Figure 2: Standard and Robust Empirical autocorrelation functions of monthly precipitation series from Hipel and McLeod (1994)

This plot shows that no apparent autocorrelation exists when using the standard estimator of the ACF (left) but the picture changes compeltely when using the robust estimator (right). There therefore appears to be some possible contamination in the data and, if we wanted to estimate a model for the data, we would probably opt for a robust estimator.

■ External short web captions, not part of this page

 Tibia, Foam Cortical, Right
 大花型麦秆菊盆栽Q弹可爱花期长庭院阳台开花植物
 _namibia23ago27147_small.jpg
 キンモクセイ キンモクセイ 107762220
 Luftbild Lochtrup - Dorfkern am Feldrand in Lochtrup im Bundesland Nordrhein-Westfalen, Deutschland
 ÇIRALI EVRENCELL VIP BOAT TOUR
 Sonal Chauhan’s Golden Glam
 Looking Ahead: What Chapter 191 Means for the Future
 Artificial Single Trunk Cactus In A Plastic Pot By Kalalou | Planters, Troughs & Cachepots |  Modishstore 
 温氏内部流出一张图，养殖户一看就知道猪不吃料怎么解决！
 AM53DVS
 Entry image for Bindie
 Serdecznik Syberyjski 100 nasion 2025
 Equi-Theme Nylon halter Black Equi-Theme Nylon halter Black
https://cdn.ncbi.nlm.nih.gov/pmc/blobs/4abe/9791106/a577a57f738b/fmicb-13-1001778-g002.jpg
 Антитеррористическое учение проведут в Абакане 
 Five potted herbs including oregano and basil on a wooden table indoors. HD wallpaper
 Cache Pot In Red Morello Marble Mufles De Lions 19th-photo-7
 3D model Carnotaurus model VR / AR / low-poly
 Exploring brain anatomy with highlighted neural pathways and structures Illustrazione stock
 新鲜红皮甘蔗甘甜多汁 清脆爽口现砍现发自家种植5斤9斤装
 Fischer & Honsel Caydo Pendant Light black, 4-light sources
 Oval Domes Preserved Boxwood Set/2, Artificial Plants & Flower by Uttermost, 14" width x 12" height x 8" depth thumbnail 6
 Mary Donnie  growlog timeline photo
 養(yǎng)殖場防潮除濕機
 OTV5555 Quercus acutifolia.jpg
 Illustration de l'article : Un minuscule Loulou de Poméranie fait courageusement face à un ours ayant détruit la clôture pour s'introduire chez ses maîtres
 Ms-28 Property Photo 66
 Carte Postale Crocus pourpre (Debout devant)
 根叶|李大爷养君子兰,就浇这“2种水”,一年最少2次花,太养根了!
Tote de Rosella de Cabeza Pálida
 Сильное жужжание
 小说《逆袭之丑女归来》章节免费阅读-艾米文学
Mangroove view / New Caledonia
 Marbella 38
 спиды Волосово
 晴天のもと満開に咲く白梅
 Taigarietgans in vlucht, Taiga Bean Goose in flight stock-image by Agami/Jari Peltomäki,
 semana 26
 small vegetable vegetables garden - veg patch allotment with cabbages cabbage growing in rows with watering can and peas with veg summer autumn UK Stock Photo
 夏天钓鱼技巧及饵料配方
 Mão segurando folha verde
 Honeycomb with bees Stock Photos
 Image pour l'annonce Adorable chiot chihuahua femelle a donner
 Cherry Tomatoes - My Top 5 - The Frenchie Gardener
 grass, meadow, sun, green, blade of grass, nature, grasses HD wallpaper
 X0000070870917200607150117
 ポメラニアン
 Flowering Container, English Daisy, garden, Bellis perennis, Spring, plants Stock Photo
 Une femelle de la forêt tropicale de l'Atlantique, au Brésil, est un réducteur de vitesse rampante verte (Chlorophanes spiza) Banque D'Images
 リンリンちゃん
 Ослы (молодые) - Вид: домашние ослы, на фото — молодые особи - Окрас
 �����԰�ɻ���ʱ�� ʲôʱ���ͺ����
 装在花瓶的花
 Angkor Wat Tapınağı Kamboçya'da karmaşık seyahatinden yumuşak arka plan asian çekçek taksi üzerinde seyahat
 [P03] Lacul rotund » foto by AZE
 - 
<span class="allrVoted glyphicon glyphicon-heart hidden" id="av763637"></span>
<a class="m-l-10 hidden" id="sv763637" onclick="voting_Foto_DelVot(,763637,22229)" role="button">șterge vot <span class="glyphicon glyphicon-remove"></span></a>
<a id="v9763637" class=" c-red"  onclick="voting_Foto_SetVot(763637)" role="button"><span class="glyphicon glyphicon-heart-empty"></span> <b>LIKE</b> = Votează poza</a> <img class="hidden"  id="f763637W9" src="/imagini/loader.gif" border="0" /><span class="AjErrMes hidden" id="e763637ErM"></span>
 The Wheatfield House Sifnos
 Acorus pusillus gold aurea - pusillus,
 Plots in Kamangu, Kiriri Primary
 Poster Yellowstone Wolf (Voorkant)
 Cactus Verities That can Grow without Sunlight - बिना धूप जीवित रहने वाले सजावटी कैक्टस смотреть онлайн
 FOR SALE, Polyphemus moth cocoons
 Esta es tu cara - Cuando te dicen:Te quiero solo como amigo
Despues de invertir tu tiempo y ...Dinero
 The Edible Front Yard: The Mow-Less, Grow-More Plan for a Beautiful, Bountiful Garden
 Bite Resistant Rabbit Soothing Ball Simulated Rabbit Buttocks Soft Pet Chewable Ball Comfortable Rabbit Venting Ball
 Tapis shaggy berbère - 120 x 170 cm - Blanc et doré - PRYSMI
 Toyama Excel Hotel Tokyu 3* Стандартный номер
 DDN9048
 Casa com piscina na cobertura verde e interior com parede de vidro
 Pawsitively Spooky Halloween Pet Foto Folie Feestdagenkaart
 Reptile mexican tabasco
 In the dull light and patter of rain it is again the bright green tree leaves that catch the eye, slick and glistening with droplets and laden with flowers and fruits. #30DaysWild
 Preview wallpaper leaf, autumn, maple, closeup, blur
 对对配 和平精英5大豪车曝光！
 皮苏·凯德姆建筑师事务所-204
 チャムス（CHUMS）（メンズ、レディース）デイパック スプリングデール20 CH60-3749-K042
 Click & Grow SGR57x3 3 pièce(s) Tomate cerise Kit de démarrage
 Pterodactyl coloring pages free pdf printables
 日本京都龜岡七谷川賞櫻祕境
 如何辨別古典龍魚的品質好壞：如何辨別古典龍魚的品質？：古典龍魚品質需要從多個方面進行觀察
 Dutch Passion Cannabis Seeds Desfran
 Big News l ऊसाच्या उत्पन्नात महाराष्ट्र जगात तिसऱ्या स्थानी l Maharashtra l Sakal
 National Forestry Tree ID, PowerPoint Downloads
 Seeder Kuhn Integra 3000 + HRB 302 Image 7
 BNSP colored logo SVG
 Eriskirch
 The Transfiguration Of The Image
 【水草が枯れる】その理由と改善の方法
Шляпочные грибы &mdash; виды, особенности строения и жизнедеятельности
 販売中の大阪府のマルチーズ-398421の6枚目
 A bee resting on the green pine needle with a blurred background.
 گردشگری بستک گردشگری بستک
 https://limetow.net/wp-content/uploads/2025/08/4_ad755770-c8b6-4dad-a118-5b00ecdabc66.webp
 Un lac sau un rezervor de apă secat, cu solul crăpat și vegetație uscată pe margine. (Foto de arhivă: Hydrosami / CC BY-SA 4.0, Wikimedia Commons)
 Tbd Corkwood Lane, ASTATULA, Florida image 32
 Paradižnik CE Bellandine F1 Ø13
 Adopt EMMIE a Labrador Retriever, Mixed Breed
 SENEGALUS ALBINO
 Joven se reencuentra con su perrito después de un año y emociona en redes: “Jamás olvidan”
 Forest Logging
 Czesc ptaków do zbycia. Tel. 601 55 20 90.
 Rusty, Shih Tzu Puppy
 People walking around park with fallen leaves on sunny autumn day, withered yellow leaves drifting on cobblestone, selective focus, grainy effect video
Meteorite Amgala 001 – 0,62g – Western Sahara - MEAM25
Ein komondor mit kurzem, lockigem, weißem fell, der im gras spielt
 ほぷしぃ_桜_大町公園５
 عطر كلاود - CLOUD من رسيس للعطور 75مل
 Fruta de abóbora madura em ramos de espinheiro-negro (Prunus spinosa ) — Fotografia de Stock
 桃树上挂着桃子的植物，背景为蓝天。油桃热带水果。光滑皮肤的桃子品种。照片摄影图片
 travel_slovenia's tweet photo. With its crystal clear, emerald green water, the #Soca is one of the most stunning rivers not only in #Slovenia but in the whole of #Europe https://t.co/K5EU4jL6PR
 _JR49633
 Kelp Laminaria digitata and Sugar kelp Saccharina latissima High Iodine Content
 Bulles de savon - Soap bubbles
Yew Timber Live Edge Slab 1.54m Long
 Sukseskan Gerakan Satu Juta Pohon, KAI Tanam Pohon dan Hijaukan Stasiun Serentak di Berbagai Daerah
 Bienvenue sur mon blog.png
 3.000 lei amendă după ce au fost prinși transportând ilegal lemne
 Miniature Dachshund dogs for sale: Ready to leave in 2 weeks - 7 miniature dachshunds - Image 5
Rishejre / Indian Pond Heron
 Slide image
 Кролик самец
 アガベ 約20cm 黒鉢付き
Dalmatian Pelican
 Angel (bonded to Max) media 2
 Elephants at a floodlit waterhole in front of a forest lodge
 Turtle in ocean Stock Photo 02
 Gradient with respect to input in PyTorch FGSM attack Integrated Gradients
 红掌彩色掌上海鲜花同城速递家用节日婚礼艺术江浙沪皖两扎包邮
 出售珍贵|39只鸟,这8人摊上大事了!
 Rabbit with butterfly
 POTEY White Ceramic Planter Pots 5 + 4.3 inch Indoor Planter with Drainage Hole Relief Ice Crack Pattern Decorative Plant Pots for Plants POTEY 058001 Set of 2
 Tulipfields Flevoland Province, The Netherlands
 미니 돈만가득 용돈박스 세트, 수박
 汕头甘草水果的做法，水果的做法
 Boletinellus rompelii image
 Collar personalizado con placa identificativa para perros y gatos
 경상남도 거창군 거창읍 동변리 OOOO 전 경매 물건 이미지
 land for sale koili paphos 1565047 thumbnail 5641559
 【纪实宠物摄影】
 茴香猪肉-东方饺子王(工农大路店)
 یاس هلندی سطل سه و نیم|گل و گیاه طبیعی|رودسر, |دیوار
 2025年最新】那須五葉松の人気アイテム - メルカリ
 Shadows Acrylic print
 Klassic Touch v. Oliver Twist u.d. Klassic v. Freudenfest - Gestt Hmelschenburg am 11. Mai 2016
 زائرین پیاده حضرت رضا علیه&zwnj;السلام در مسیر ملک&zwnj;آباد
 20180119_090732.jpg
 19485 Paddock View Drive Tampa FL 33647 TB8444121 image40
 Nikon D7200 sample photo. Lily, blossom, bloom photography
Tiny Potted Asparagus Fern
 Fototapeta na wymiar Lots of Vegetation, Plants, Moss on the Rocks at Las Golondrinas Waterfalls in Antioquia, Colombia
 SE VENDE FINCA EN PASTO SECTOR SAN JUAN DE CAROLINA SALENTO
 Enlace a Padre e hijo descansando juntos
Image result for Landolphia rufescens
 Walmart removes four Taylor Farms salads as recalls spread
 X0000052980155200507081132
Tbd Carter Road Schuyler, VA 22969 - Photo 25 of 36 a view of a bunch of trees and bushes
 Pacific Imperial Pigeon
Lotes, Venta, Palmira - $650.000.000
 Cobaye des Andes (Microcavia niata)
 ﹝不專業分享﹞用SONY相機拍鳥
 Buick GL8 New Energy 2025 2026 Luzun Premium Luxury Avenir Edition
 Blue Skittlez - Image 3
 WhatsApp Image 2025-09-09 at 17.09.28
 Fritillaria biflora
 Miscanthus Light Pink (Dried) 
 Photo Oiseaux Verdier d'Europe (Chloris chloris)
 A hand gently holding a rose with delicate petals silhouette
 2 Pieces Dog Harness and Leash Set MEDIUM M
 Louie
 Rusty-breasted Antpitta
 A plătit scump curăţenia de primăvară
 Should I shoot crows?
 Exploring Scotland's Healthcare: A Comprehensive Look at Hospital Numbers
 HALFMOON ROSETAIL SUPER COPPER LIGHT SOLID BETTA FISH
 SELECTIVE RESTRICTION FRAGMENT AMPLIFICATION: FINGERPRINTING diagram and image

For this we can use the RGMWM to estimate an AR(1) model which could be a possible candidate to explain the robust ACF pattern.

model_hydro = estimate(AR(2), hydro, method = "rgmwm")
model_hydro$mod$estimate
##          Estimates
## AR      0.42983749
## AR     -0.04681091
## SIGMA2  0.10528161

The estimated value of the autoregressive parameter appears to confirm that there exists some autocorrelation in the data.

Personal Savings dataset

Similarly to the first dataset, we now consider the savingrt time series:

# Load savingrt dataset
data("savingrt")

# Simulate based on data
savingrt = gts(as.vector(savingrt), start = 1959, freq = 12, unit_ts = "%", 
            name_ts = "Saving Rates", data_name = "US Personal Saving Rates",
            unit_time = "year")

# Plot savingrt simulation
plot(savingrt)